La femme d’âge mûr fixait toujours la ligne d’horizon par la fenêtre. Elle grogna :

– Elle arrive.

Adèle s’éclaircit la gorge.

– Quel est son nom, déjà ?

– Melissa Robinson. Également américaine – elle a découvert le corps.

Adèle pinça les lèvres :

– Comment pensez-vous que nous devrions aborder l’interrogatoire ?

L’agent Paige haussa encore les épaules.

– C’est vous l’agent d’Interpol. Je suis juste ici pour suivre vos indications. Faites ce que vous voulez.

Adèle hésita, regardant fixement la scène du crime. Elle hocha la tête une fois, puis, sur le ton le plus diplomatique possible, elle déclara :

– Je pense que nous devrions avoir une discussion.

Paige détourna finalement le regard de la fenêtre et souleva un sourcil argenté.

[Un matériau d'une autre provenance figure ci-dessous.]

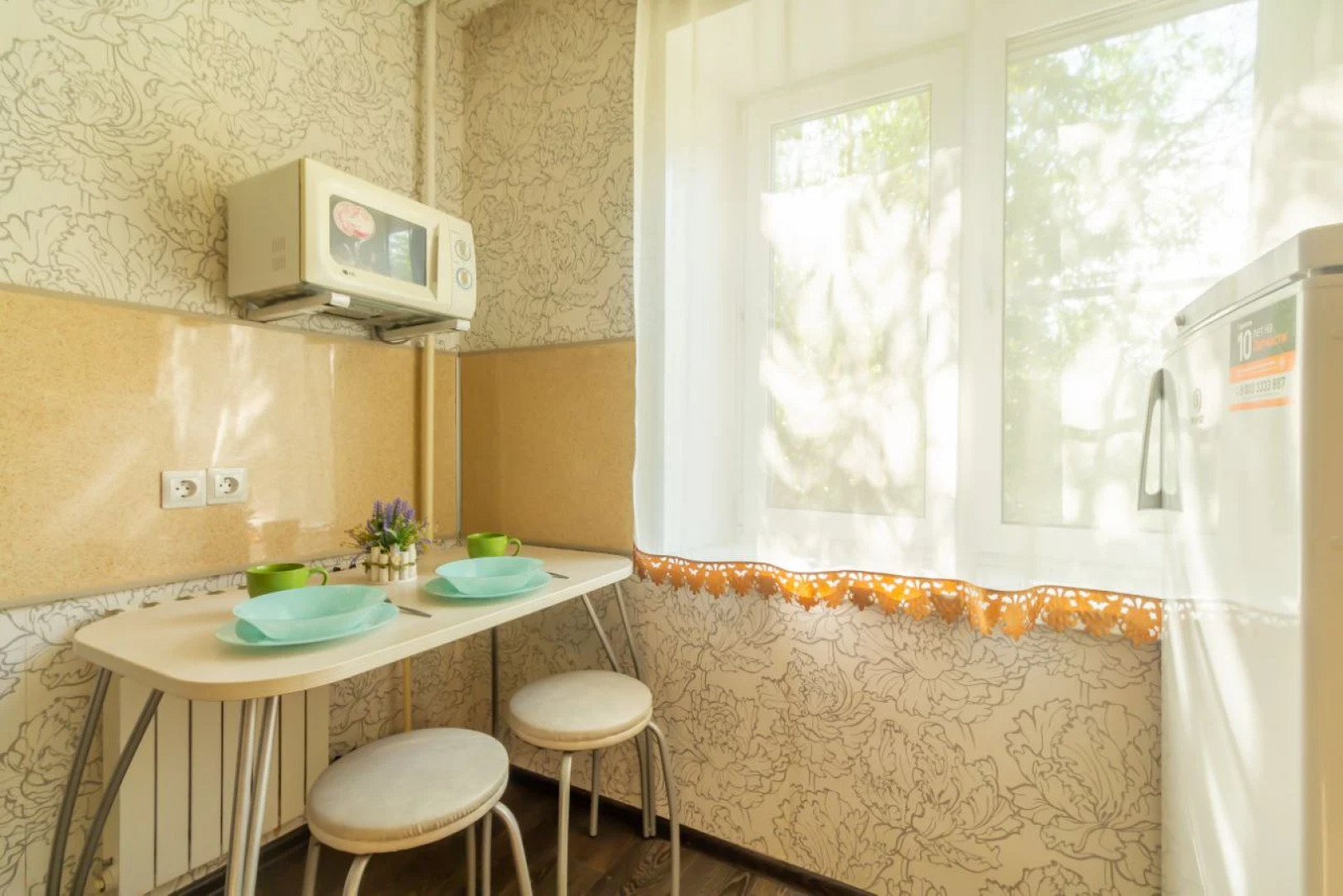 Квартира Новиковъ Дворик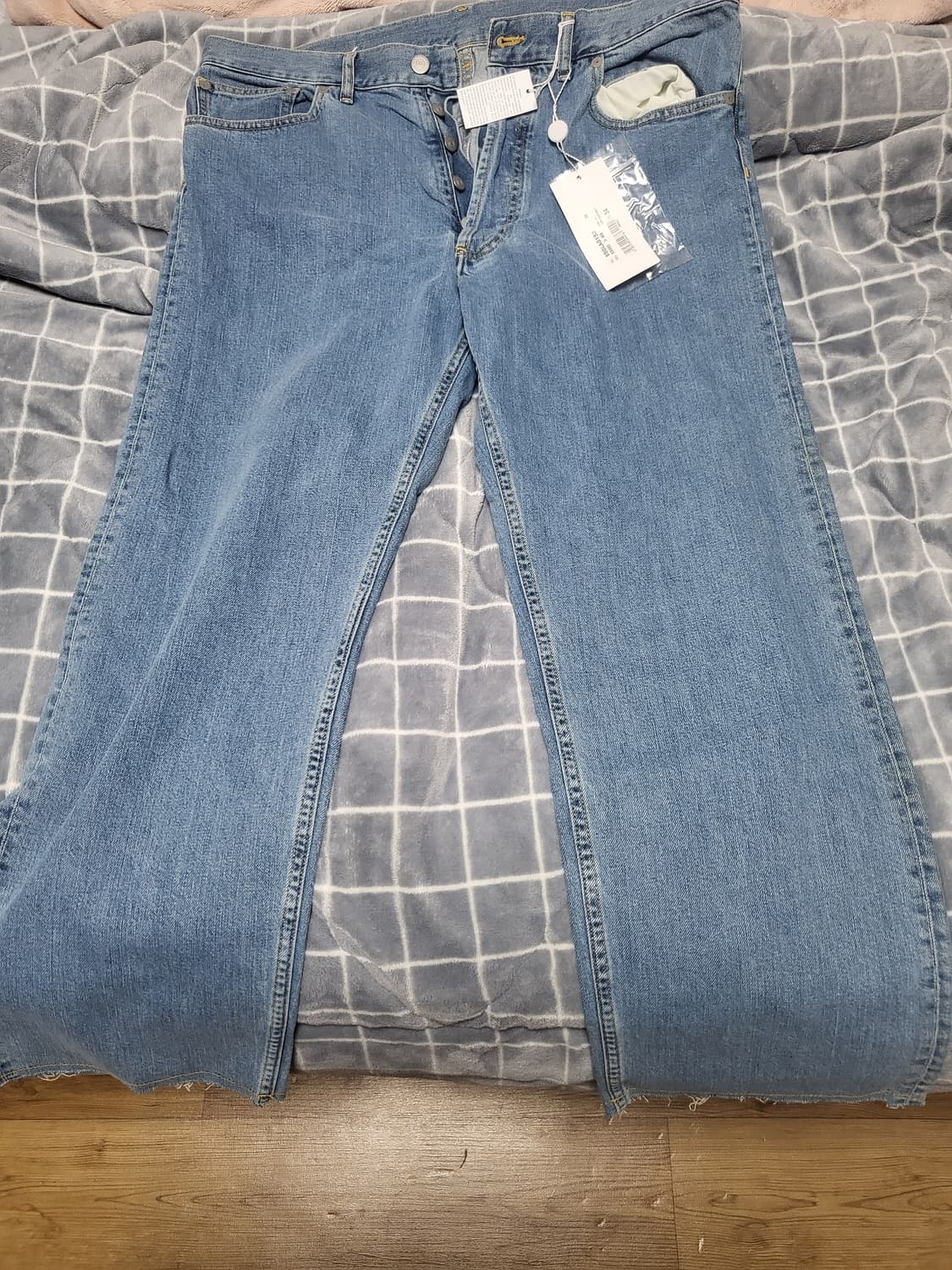 메종 마르지엘라 남성 데님 청바지 34 새상품 상품이미지1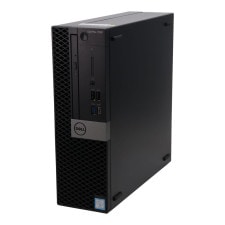 DELL Optiplex 7060 3100SFF (Win10x64) 中古 Core i5-3.1GHz(8600)/8GB/HDD500GB/DVDマルチ [B:良品] 2019年頃購入（Core i5-3.1GHz(8600) / Windows 10 ）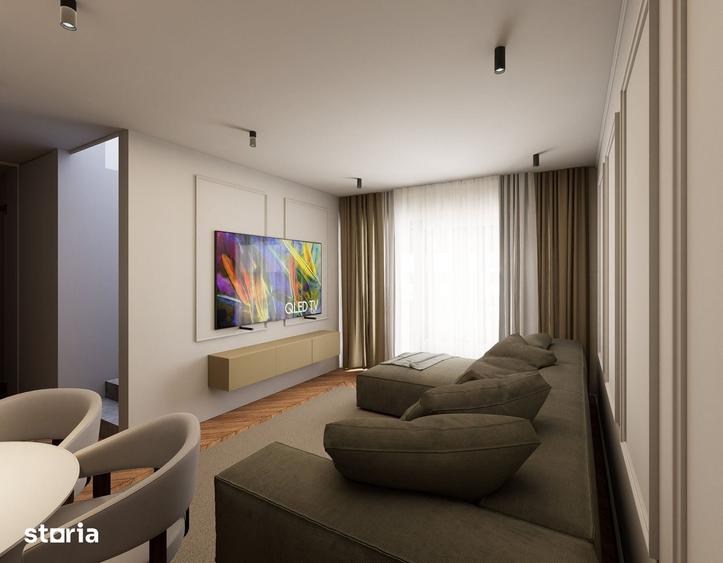 Casă cu 5 camere cu Teren 500 Mp în Ciorogârla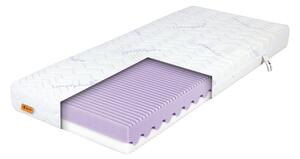 Wilsondo Vysoký penový matrac Violletta 90x200x20 - poťah Lavender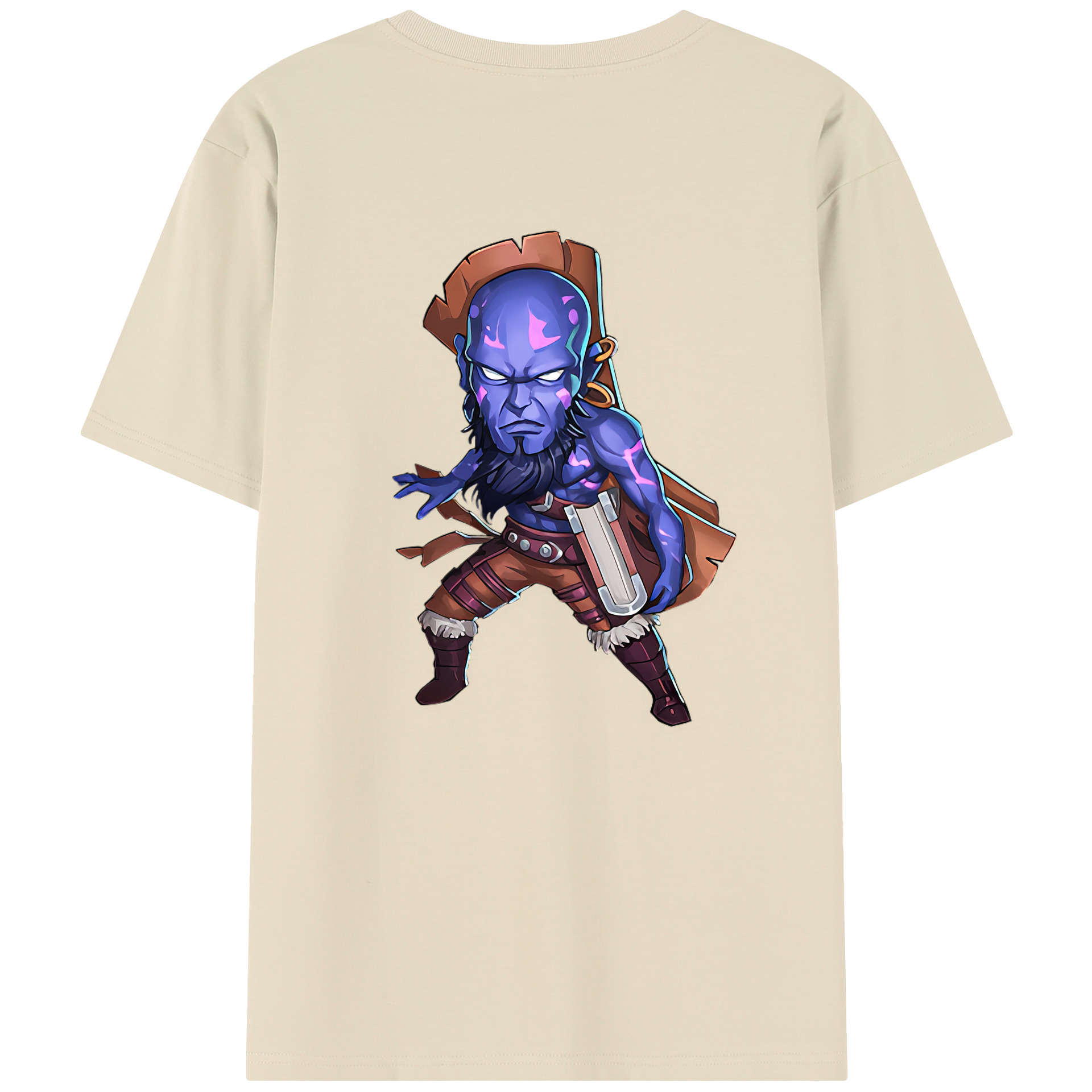 リーグ・オブ・レジェンド League of Legends LOL 綿100％半袖Tシャツ（背面プリント）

Adèle s’approcha prudemment, se plaçant en face de la femme d’âge mûr, bien qu’une partie d’elle ne rêve que de se cacher dans le coin le plus reculé de la pièce. L’odeur du savon devint entêtante lorsqu’elle rencontra le regard de sa partenaire.

– Ça n’a pas à devenir une affaire d’état, mais j’ai l’impression que vous ne faites pas autant d’efforts que vous ne le pourriez.

Paige ne trahit aucune expression pendant quelques secondes. Enfin, elle haussa les épaules et dit :

– Je ne suis pas responsable de vos sentiments. Vous devriez peut-être tenter de mieux les contrôler.

Adèle dévisagea sa collaboratrice.

– Je ne crois pas que ce soit une réponse constructive.

– Ce que vous croyez ou pas m’indiffère complètement, répliqua froidement Paige.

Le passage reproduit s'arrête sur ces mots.